● ASSIGNED TASK:
Lines before the one containing "Pink wrapped curved" are left out; that line and all after it, through the end of the records, must be transcribed exactly.

● EXERCISE DATA:
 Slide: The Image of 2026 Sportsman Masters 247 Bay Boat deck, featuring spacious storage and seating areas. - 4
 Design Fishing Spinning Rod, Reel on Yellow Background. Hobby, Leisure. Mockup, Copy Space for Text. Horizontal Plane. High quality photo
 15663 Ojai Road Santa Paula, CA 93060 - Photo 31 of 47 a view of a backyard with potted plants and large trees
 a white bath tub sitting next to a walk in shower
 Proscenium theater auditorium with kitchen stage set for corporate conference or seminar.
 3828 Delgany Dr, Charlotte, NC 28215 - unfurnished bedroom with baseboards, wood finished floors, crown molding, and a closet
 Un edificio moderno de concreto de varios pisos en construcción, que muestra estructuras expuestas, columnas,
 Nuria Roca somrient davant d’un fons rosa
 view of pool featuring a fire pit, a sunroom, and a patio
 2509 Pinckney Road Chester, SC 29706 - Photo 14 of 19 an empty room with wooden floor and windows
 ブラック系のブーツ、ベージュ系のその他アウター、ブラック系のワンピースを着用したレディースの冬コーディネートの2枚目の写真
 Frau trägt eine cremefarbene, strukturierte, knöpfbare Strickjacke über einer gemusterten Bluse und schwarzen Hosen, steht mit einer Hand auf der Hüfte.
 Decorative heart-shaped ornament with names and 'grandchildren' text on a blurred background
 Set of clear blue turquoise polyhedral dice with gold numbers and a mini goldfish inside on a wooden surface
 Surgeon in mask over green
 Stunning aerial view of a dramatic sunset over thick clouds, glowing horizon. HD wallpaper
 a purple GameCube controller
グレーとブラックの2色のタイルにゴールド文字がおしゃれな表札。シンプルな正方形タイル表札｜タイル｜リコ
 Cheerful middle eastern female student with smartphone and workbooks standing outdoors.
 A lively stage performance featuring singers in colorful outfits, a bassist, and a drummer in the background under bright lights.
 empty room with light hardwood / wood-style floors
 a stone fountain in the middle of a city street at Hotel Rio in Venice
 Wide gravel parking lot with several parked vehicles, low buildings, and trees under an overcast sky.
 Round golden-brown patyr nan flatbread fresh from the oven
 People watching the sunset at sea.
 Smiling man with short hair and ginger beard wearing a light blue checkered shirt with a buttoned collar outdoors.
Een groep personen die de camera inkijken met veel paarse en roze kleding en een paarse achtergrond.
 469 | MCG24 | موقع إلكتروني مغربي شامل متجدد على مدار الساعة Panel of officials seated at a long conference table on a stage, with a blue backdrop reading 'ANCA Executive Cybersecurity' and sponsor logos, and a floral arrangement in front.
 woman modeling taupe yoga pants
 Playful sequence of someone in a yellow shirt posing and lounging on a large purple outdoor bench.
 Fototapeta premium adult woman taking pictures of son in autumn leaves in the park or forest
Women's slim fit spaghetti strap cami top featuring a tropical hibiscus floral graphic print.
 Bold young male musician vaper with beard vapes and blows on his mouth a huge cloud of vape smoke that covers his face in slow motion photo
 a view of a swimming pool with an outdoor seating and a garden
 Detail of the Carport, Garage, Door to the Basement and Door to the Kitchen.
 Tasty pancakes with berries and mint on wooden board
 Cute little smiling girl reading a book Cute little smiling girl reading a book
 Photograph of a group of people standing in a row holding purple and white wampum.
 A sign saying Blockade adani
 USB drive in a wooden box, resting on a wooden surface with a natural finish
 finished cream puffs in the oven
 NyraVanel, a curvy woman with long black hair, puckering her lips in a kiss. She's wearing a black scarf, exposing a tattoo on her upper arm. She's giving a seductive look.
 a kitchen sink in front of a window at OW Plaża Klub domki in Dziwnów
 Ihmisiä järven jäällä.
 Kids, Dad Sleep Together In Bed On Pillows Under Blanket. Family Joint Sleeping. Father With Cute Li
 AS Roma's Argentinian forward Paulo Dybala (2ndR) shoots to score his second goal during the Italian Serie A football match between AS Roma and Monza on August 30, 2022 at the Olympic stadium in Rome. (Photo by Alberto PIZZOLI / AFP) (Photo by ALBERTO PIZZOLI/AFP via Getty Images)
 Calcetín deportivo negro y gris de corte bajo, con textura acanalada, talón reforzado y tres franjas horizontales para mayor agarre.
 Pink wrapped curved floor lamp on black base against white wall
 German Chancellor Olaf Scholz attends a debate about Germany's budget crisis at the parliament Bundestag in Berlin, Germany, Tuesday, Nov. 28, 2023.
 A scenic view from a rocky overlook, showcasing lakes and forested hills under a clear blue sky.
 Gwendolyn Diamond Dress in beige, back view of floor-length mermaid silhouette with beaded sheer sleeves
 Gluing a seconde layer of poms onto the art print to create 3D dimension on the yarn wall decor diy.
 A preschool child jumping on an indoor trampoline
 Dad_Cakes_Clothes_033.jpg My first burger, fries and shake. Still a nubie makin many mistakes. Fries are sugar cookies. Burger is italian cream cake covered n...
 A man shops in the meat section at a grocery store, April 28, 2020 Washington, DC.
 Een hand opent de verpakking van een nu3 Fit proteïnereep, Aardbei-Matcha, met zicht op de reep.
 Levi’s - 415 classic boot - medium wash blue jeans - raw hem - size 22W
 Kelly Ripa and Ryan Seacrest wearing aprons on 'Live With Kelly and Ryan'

● RESPONSE TO THIS TASK:
 Pink wrapped curved floor lamp on black base against white wall
 German Chancellor Olaf Scholz attends a debate about Germany's budget crisis at the parliament Bundestag in Berlin, Germany, Tuesday, Nov. 28, 2023.
 A scenic view from a rocky overlook, showcasing lakes and forested hills under a clear blue sky.
 Gwendolyn Diamond Dress in beige, back view of floor-length mermaid silhouette with beaded sheer sleeves
 Gluing a seconde layer of poms onto the art print to create 3D dimension on the yarn wall decor diy.
 A preschool child jumping on an indoor trampoline
 Dad_Cakes_Clothes_033.jpg My first burger, fries and shake. Still a nubie makin many mistakes. Fries are sugar cookies. Burger is italian cream cake covered n...
 A man shops in the meat section at a grocery store, April 28, 2020 Washington, DC.
 Een hand opent de verpakking van een nu3 Fit proteïnereep, Aardbei-Matcha, met zicht op de reep.
 Levi’s - 415 classic boot - medium wash blue jeans - raw hem - size 22W
 Kelly Ripa and Ryan Seacrest wearing aprons on 'Live With Kelly and Ryan'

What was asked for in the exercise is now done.